Functional annotations of Gene Ontology (GO) and Kyoto Encyclopedia of Genes and Genomes (KEGG) enrichment indicated that the DEGs obtained from TCGA-STAD were enriched in digestion and matrix remodeling related pathways, like cell adhesion, protein digestion and absorption, PPAR signaling, extracellular matrix organization, extracellular structure organization, and so on (Supplementary Figures S2A,B). Meanwhile, the DEGs obtained from GEO were also enriched in digestion and matrix remodeling related pathways, such as protein digestion and absorption, focal adhesion, extracellular matrix organization, extracellular structure organization, wound healing, and so on (Supplementary Figures S2C,D). And these intersected genes were significantly associated with digestion, collagen-containing extracellular matrix, cell adhesion, and biological adhesion (Figures 3A,B). Furthermore, SULF1, PTPRZ1, ATP4A, THBS2, ESRRG, COL3A1, TOP2A, CCKBR, ALDH3A1, and SLC28A2 had high missense mutation rates (Figure 3C).
FIGURE 3. Enrichment analysis. (A) Gene Ontology (GO)-tree analysis; (B) gesGO pathway enrichment analysis (C) The mutation landscape of key DEGs in TCGA-STAD cohort.

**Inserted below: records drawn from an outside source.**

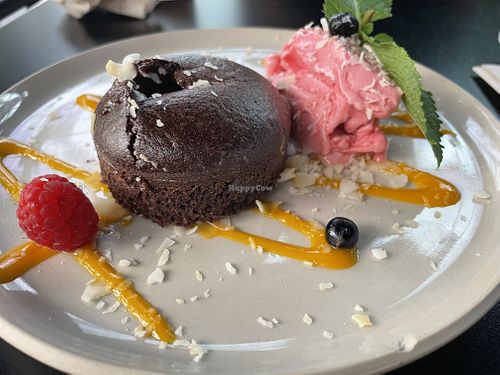 Molten chocolate cake at Vevay Kitchen in Frankfurt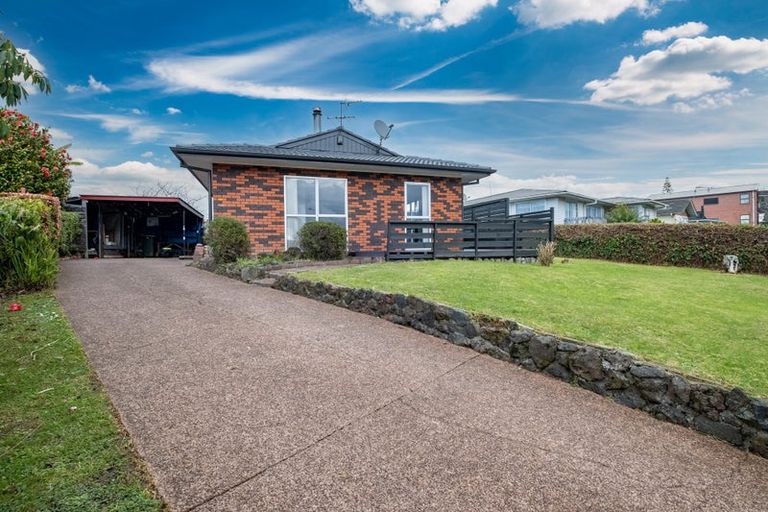 Photo of property in 152 Wordsworth Road, Manurewa, Auckland, 2102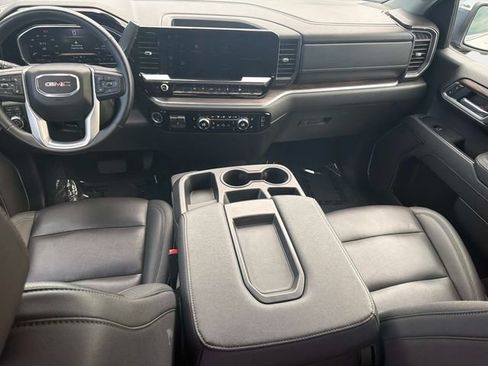 Used 2026 GMC Sierra 1500 SLT AWD/4WD image 13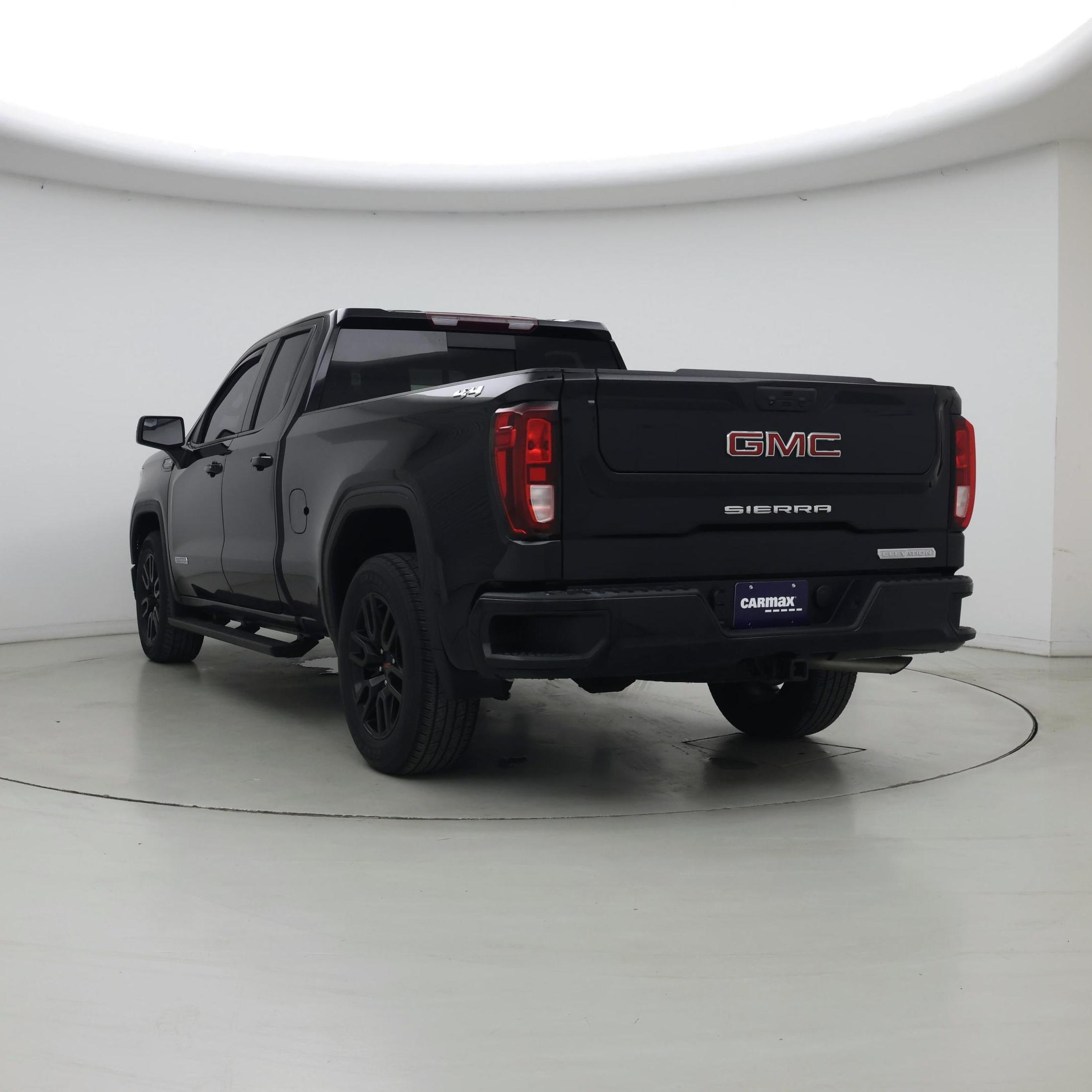 Thumbnail: 2023 GMC Sierra 1500 - 2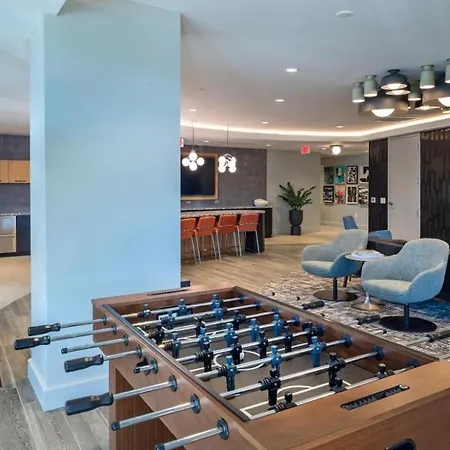 Landing Chic 2Bd Pool Gym * Nashville
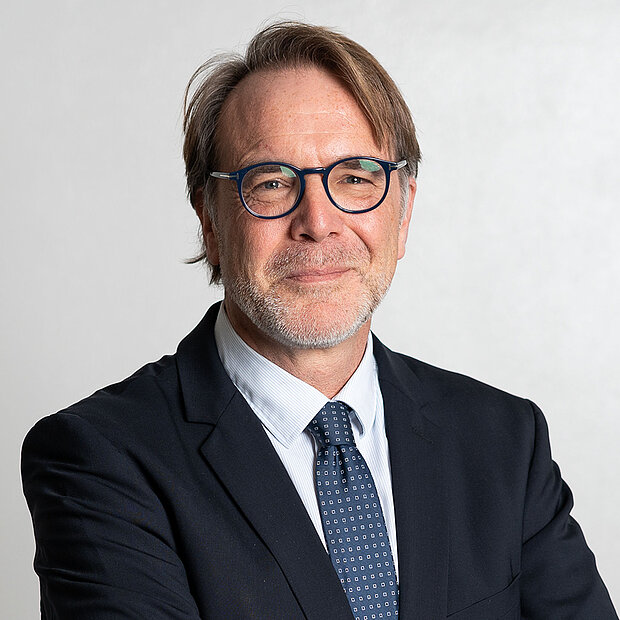 Prof. Dörpinghaus ist Vizepräsident an der Universität Würzburg.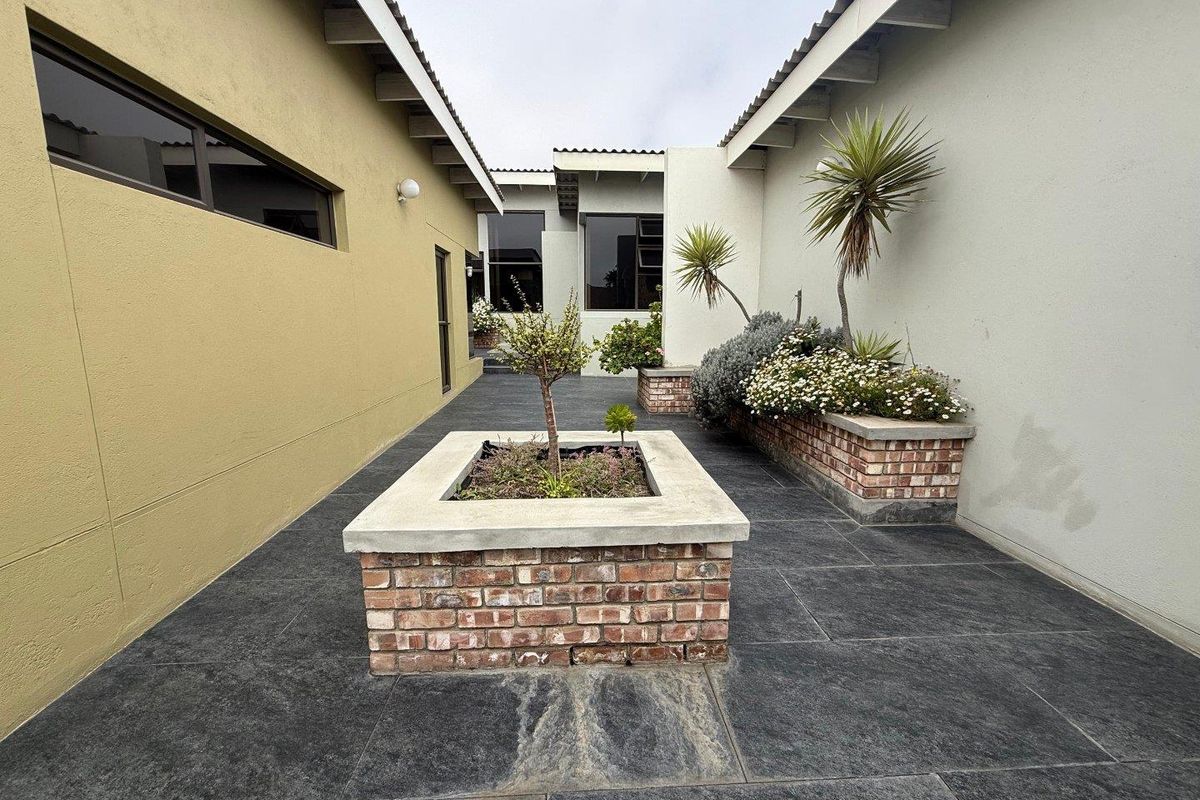 FOR SALE- 3 BEDROOM HOUSE IN OCEAN VIEW SWAKOPMUND, NAMIBIA - Photo 3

Establishment of PrognosisScore model
To develop a gene expression-based prognostic signature for GC, the gene expression differences between GC tissues and adjacent normal tissues in TCGA-STAD and GEO data cohorts were compared using the limma package. The intersection of these two genes was used to obtain the final DEGs. The final DEGs were selected to build a prognosis score model. Since TCGA has comprehensive clinical information, we built the prognosis model in the TCGA dataset. In the TCGA-STAD data queue, the samples were randomly divided into training and testing sets in a ratio of 7:3. LASSO Cox was used to build the prognosis score model (Figures 4A,B). A risk score was calculated for each patient using a formula derived from the expression levels of the four genes weighted by their regression coefficient: PrognosisScore = (0.06 * expression of BGN) - (0.008 * expression of ATP4A) + (0.12 * expression of MYL9) - (0.01 * expression of ALDH3A1).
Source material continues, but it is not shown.